If you consider yourself a reactionary, you're in good company. As author-theologian Bruce Larson has pointed out, the great churchmen for those days ridiculed Copernicus. Martin Luther said, "This fool will turn the art of astronomy upside down...The Scripture show and tells another lesson, not the earth." John Calvin asked, "Who will venture to place the authority of Copernicus above that of the Holy Spirit?" The Catholic Vatican damned the Copernicus theory as both "philosophically false and formally heretical."

It seems that there is a tendency for Christians to want to look back -- to glamorize the past or to hold some outmoded truth, even using the Bible as the authority for preventing change. We are caught in the tension between preserving the good from the past and embracing the new.

Some 90 years ago William James, a great pioneer psychologist, correctly said "Any new theory first is attacked as absurd; then it is admitted to be true, but obvious and insignificant; finally it seems to be important, so important that its adversaries claim that they themselves discovered it."

What James was saying is that each of us has a bit of the reactionist in us, some seeing themselves primarily as museum keepers, preservers of the past.
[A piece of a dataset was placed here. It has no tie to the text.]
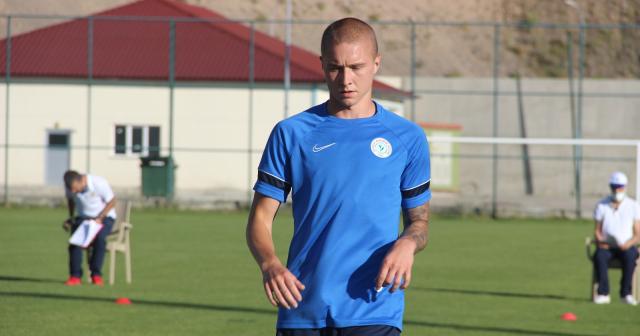 Holmen: “Rizespor’a gelmemde abimin büyük bir payı var”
And why is that, one might ask?

Perhaps there is a clue in the fact that Jesus likened us to sheep and, if true, this may well be one of the reasons we have trouble with change. If we are indeed like sheep -- stubborn, hostile and self-willed, we begin to understand our problem as seen in the eyes of that same Jesus.
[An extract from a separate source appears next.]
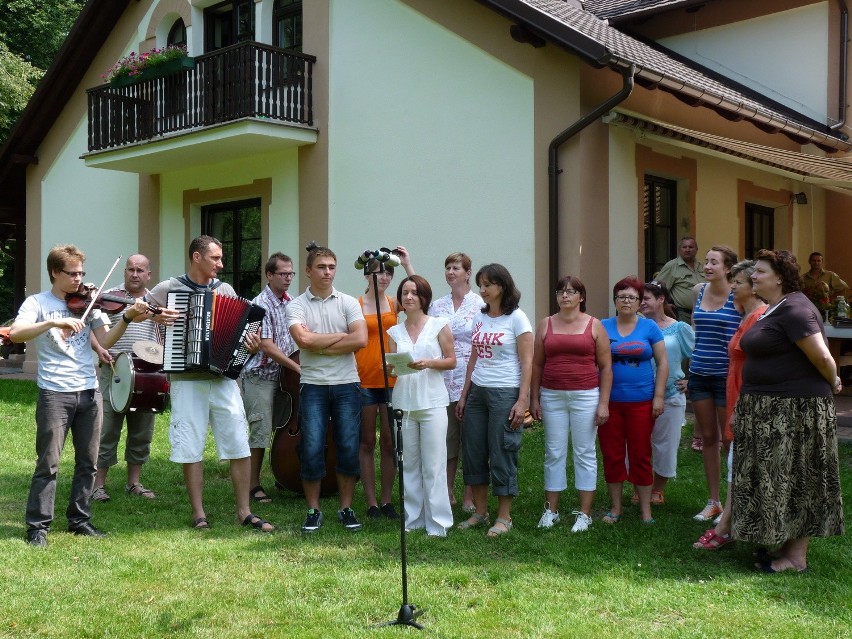 Radio-Kurier: &quot;Leśne Lato&quot; z wizytą w Nadleśnictwie Lubartów (ZDJĘCIA)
But whether we are basically innovators or reactionaries, there is no possibility for health or life without change. Of course, not all change is good...Some change is unhealthy and a mark of decay and deterioration in our society.

Studies have proven that when too many changes come to any person at any given time, the resulting trauma produces physical illness, even death.

It is demonstrated time and again that the human body and mind and spirit cannot handle too much change at one time. And in the past half century we have all had to handle so much change that it is no wonder we talk about the good old days.

Everything around us is changing so radically.

As they say: Like it or lump it!

And that, finally, takes us back to the Bible for the message of promise and hope...God wants to make us new and assures us that we can change here and now. Know what I'm saying?

Tom Wolfe, one of our most popular writers, said in 1971, "The old dream of the alchemist was to turn base metals into gold. Today he dreams of changing his personality."